My formula, displayed in column G, uses the applied voltage of 141.4 volts. I thought it would be easier to see how the spreadsheet was built using current to find the voltages. You can see how the results of column D match well with those from column G.
I am still having difficulty matching these equations with mine. Just
to make sure we are discussing the same problem....
The circuit is a voltage source
Vs(t) = 141.4 sin(wt-45)
driving a source resistor of 50 ohms and 45 degress of 50 ohm
transmission line that is shorted at the end.
My calculations suggest that
Vrs.total(t) = 100 sin(wt-90)
Irs.total(t) = 2 sin(wt-90)
which agrees with you column D but not the introduction which
says that the zero current is at 0 degrees. With -100 volts
across the source resistor at 0 degrees, the current should
be -2 amps through the source resistor at 0 degrees; in other
words, a current maximum.
Using superposition, I compute the the contribution of the
source to be
Vrs.source(t) = 70.7 sin(wt-45)
and the contribution from the reflected wave to be
Vrs.reflected(t) = -70.7 sin(wt+45)
which sum to
Vrs.total(t) = 100 sin(wt-90)
as expected.
So while I can construct an expression for Column D, the
contributing values do not agree with those you have
provided in Columns B and C.
Column E follows from Column D and my calculations agree.
And also with Column F.
The spreadsheet addresses the following issues:
Does the traveling wave carry power? Yes. The spreadsheet was built
assuming that power is carried by traveling waves. Because the
resulting wave form and powers seem correct, the underlaying assumption
seems correct.
It was not obvious which columns were used to draw this correlation.
Column E and column F display power. Column F recognizes that if 100 watts is applied continueously (on the average) over an entire 360 degree cycle, the final power applied over time would be 360 * 100 = 36000 watt-degrees.
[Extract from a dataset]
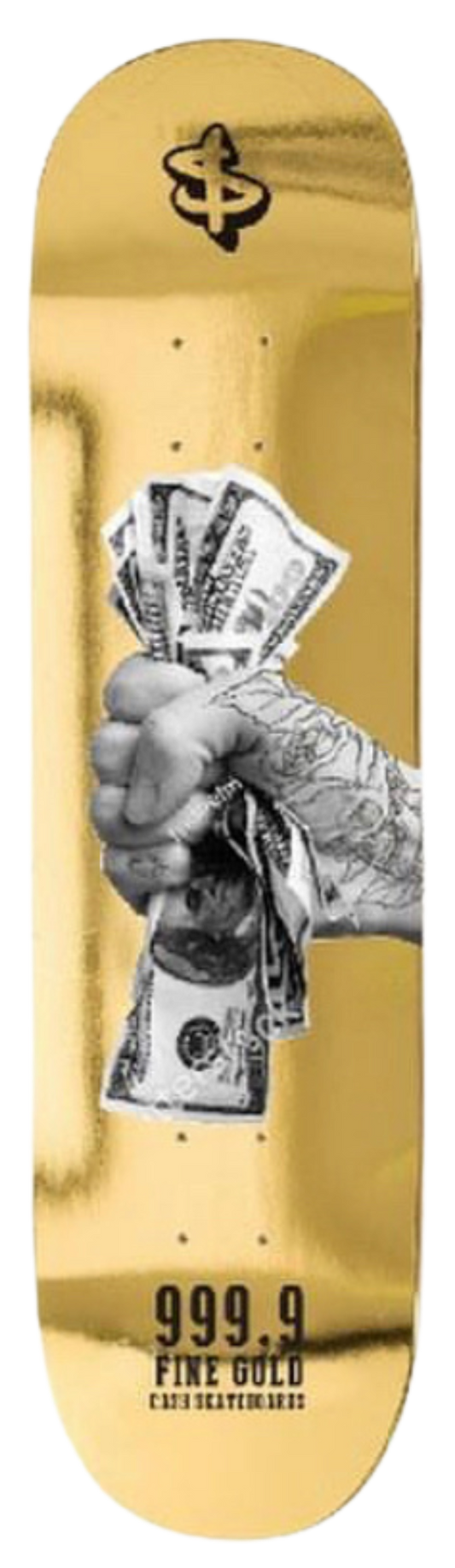 Tabla de skate CASH Gimme The Money 8.25 pulgadas Serie Gold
Part of the power comes from the reflection, part comes directly. Obviously, interference is very much at work in this example.
Column E is the power dissipated in the resistor, and Column F
is the integral of Column and represents the total energy which
has flowed in to the resistor over the cycle. It is also the
average energy per cycle.
If you were to extend your analysis to compute the energy
in each degree of the reflected wave and add it to the energy
in each degree of Vrs.source(t) and sum these, you would
find that the instantaneous energy from Vrs.source and
Vrs.reflected does not agree with the instantaneous energy
dissipated in the source resistor. It is this disagreement
that is the root of my argument that the power in the
reflected wave is a dubious concept.
Using averages, the computed powers support the hypothesis,
but when examined with finer granularity, they do not.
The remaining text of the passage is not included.